The following companies depend on a robust economy, with its inherent demand, for sustained growth and profits. Implementing strategies that capitalize on demand while containing costs are twin prongs of a successful business approach. What are these five companies doing to advance these aims?
Detour Gold
Detour Gold (TSX: DGC) has 15.5 million ounces of gold in proven and probable reserves. It foresees approximately 600,000 ounces/year average annual gold production over the next 10 years. Its main asset is the Detour Lake mine in Ontario.

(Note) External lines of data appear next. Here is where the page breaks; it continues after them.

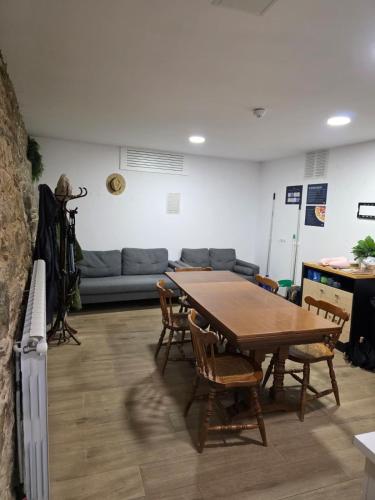 주방, Albergue SP 55 by Bossh! Hotels in 산티아고 데 콤포스텔라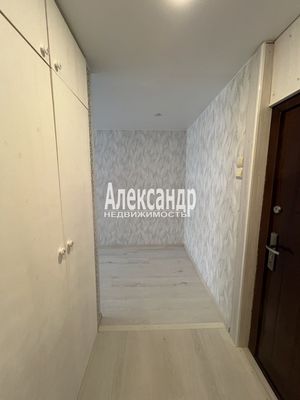 Продам однокомнатную (1-комн.) квартиру, Железнодорожная ул, 17, Каннельярви п. ж/д ст.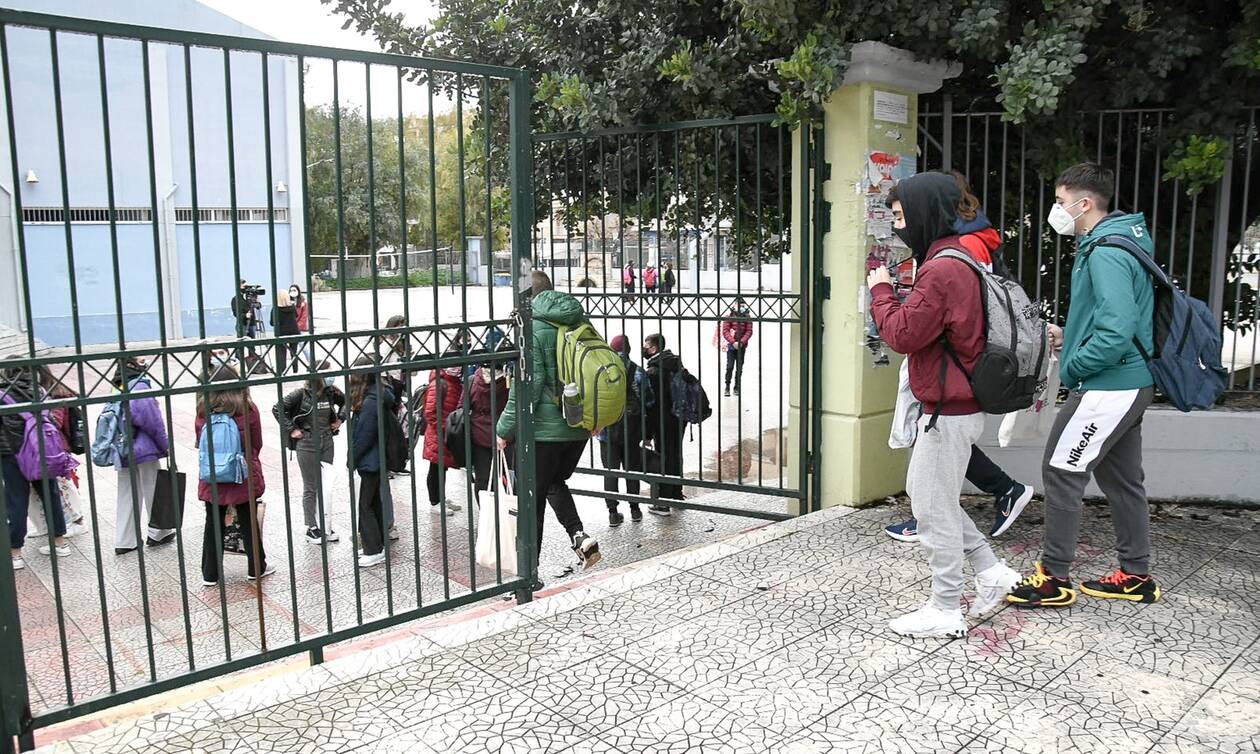 Σκέρτσος: Προτεραιότητα το άνοιγμα των σχολείων – Τι είπε για την εστίαση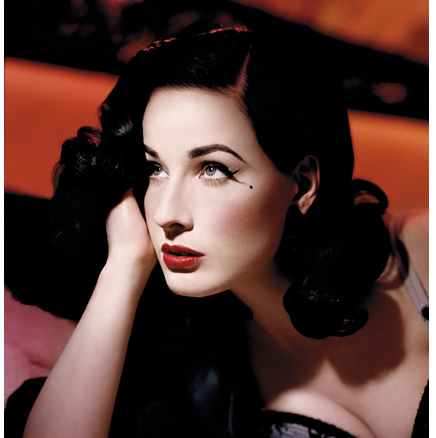 Victoria Garner Photo 9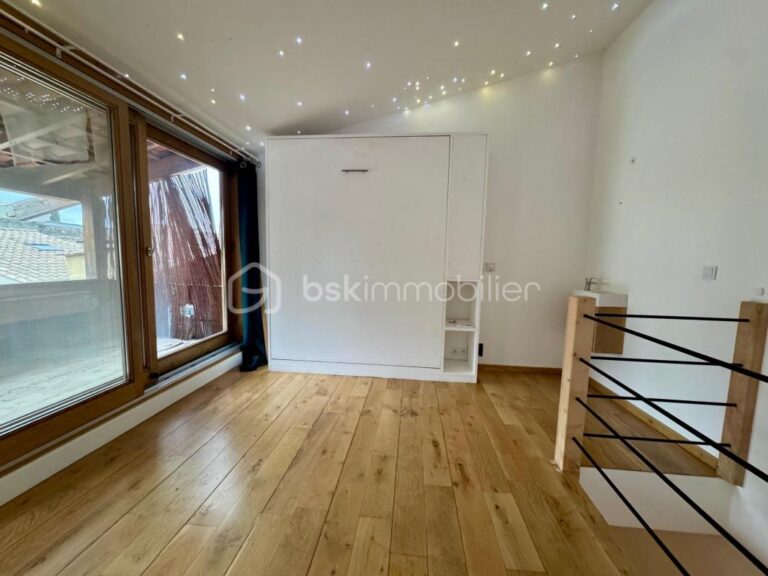 Charmante maison de village de 80 m2 2 chambres, terrasse et dressing – 3 pièces – 2 chambres – 80 m²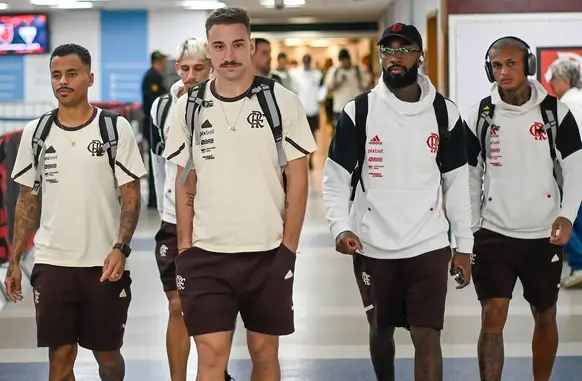 Jogadores do Flamengo. (Foto: Marcelo Cortes / CRF)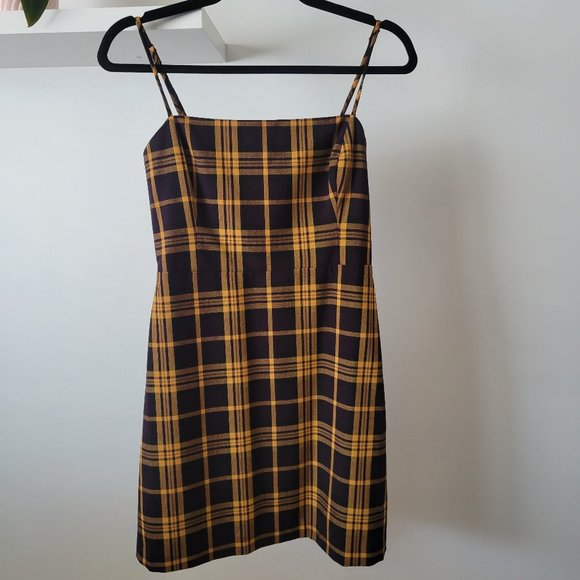 Aritzia Dresses & Skirts - Aritzia Checkard Mini Dress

Detour’s 2014 focus is to increase production and decrease costs. The Detour Lake mine achieved commercial production on August 12, 2013. Gold production was 232,287 ounces for the first year of operation. For the full 2014 calendar year Detour Gold expects to produce between 450,000 and 500,000 gold ounces. Regarding cost containment, it procured a long-term power contract for an estimated savings of CDN $20 million a year for six years.
Dominion Diamond
Dominion Diamond (TSX: DDC) (NYSE: DDC) has a controlling interest in the Ekati Diamond Mine (80% ownership and a 58.8% ownership in the surrounding areas), and 40% ownership interest in the Diavik Diamond Mine. Both mines are in the Northwest Territories.
Dominion has instituted a series of initiatives to optimize operations at the Ekati mine. It recently reported that work on the Jay Pipe within the Buffer Zone at the Ekati mine is going ahead on schedule. The Jay Pipe exploration is needed for its future development. Dominion Diamond expects to spend $11 million for the Jay Pipe exploration during fiscal year 2014.
Dominion Diamond has integrated the Ekati and Diavik sales and sorting processes and resources. This has resulted in efficiencies and cost savings.
Silver Standard Resources
Silver Standard Resources (TSX: SSO) projects include the wholly owned Pirquitas mine in Argentina. Pirquitas produced 8.2 million ounces of silver in 2013. The expectation is that it will produce more than 8.2 million ounces of silver this year.
This month, Silver Standard completed the acquisition of the Marigold gold mine in Nevada. Marigold adds operating cash flow and reserves to the company. Mr. John Smith, President and CEO, said “This acquisition expands both our capacity and capability, positioning Silver Standard as a multi-mine producer with the ability to fund continued growth.”
Regarding the Pirquitas mine, Silver Standard lowered cash costs there in 2013 by 24% to $12.87 per ounce.
Imperial Metals
Imperial Metals (TSX: III) operates the Mount Polley copper/gold mine in B.C. and the Sterling gold mine in Nevada. It has a 50% interest in the Huckleberry copper/molybdenum mine and a 50% interest in the Ruddock Creek lead/zinc property in B.C.
Imperial is developing its wholly owned Red Chris copper/gold property in B.C. The Red Chris mine is on schedule for commissioning to begin this June. Full operations are scheduled to begin in the fourth quarter of this year. The Red Chris mine has an initial 28-year mine life. The mine will initially double Imperial Metals’ gold production. It will increase its copper production by approximately 170%.
Mount Polley provided Imperial efficient operating performance. Due to this, Imperial maintained stable income from operations in 2013 despite falling copper and gold prices.
Pan American Silver
Pan American Silver (TSX: PAA) (NASDAQ: PAAS) has seven operating mines in Mexico, Peru, Argentina, and Bolivia and owns several development projects in the U.S., Mexico, Peru and Argentina. In Mexico, its focus is attaining significant unit cost reduction through improving mine and plant efficiencies. In Peru, it is working on improving mine performance. In Argentina, its emphasis is on extending the Manantial Espejo (silver-gold) mine life via exploration programs. In Bolivia, Pan American is working to optimize mine operations.
For 2013, Pan American had record gold and silver production (149,800 ounces and 26 million ounces respectively). It had consolidated cash costs of $10.81 per silver ounce, net of by-product credits. This was down 10% from the prior year. For Q4 2013, it had consolidated cash costs of $9.56 per silver ounce, net of by-product credits. This represents a decrease of 19% from Q4 2012.
Foolish bottom line
Aggressiveness regarding exploration and operational efficiency is what positions mining companies for growth. However, the precarious state of the global economy and the tense geo-political climate can derail best laid plans. Nevertheless, practical management focusing on sound business fundamentals make these companies ripe for investors’ due diligence.